With the mention of "New York" many often think of Times Square and the hustle and bustle of one of the world's busiest cities. Beyond the city life, New York State's vast upstate countryside is home to The Adirondacks, expansive forests and its fair share of notable national parks.

From the Statue of Liberty to Niagara Falls, these are our top historic parks and monuments. 

An old war cannon remains at Saratoga National Historical Park, Stillwater, New York
Outdoors lovers will appreciate the Saratoga National Historical Park's 100-mile challenge © Enrico Della Pietra / Shutterstock

Get your history fix at Saratoga National Historical Park

The Saratoga National Historical Park in Stillwater, NY holds activities and attractions for travelers during any season. The significance of the property dates back to the Battle of Saratoga. During a fall evening in the 1770s, American forces defeated the British army, forcing them to surrender and locking in crucial foreign support.

Although the park is known for its rich history (including the Schuyler House, Saratoga Monument and Victory Woods), it’s also a popular destination for cycling at any level. 
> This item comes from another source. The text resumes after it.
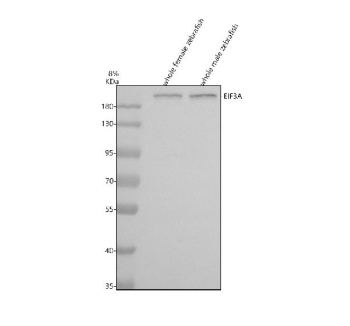 Zebrafish Eif3a Antibody WB. Western blot analysis of Eif3a protein using Zebrafish Eif3a antibody and 1) whole female zebrafish and 2) whole male zebrafish tissue lysate. Predicted molecular weight ~167 kDa.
Serious hikers and bikers can take part in the 100-mile challenge in the park. Anyone can join, all you need to do is just log your miles (walking, hiking or biking) in the park and once you hit that magic number you’ll earn “a special reward” and some serious bragging rights. 

For some spectacular views of the Hudson River Valley, climb the 188 steps to the 155ft stone Saratoga Monument, on a clear day visitors can see for miles. It’s especially beautiful during autumn. 

Hudson River Valley’s top experiences

A view of Niagara Falls on a sunny day from the New York side
The New York-side view of Niagara Falls © Marcio Jose Bastos Silva / Shutterstock

Get a little misty at Niagara Falls State Park 

We could talk about the beautifully landscaped state park (the country's first) which was designed by Frederick Law Olmsted in the 1880s or the picturesque hiking trails and kitschy trinkets you'll find in the city of Niagara Falls, but let's be real, it's all about that stunning natural wonder.

With 150,000 gallons of water per second plunging more than 1000ft, Niagara Falls is truly a sight to behold. Though some believe the Canadian side offers better views, the New York side is pretty darn impressive.  

Hop on the all-electric Maid of the Mist ferry to get that up close and very wet view of the falls (don't worry, you'll get a poncho). The seasonal schedule changes from week to week so be sure to check the site before you head out.  

For a somewhat drier option, visitors can head to the base of the Niagara gorge and take the elevator to the Observation Tower (or the steps to the Crow's Nest) for unobstructed panoramic views of the falls and the surrounding area.  

And if you're curious to see what the Canadian side has to offer, it's an easy walk across the Rainbow Bridge – just be sure to bring your passport.

Pay your respects at the African Burial Ground National Monument

A sacred space in Lower Manhattan, the African Burial Ground National Monument is the largest known burial ground in North America for both free and enslaved Africans, according to the National Parks Service website. As the city developed and grew, the resting place was essentially forgotten until the remains of 419 Africans and 500 artifacts were found in 1991.

It's estimated that more than 15,000 Africans were laid to rest in these hallowed grounds from the 1690s to the 1790s. The re-discovery shed light on the little-known lives of Africans (both enslaved and free). 

The African Burial Ground was designated a New York City and National Historic Landmark in 1993 and a National Historic Monument in 2006.  

The visitor’s center is located on the first floor of the Ted Weiss Federal Building in Lower Manhattan. The center is home to five public pieces of artwork featuring work from Frank Bender, a forensic artist and other talented individuals; there’s also educational exhibits and a 20-minute video.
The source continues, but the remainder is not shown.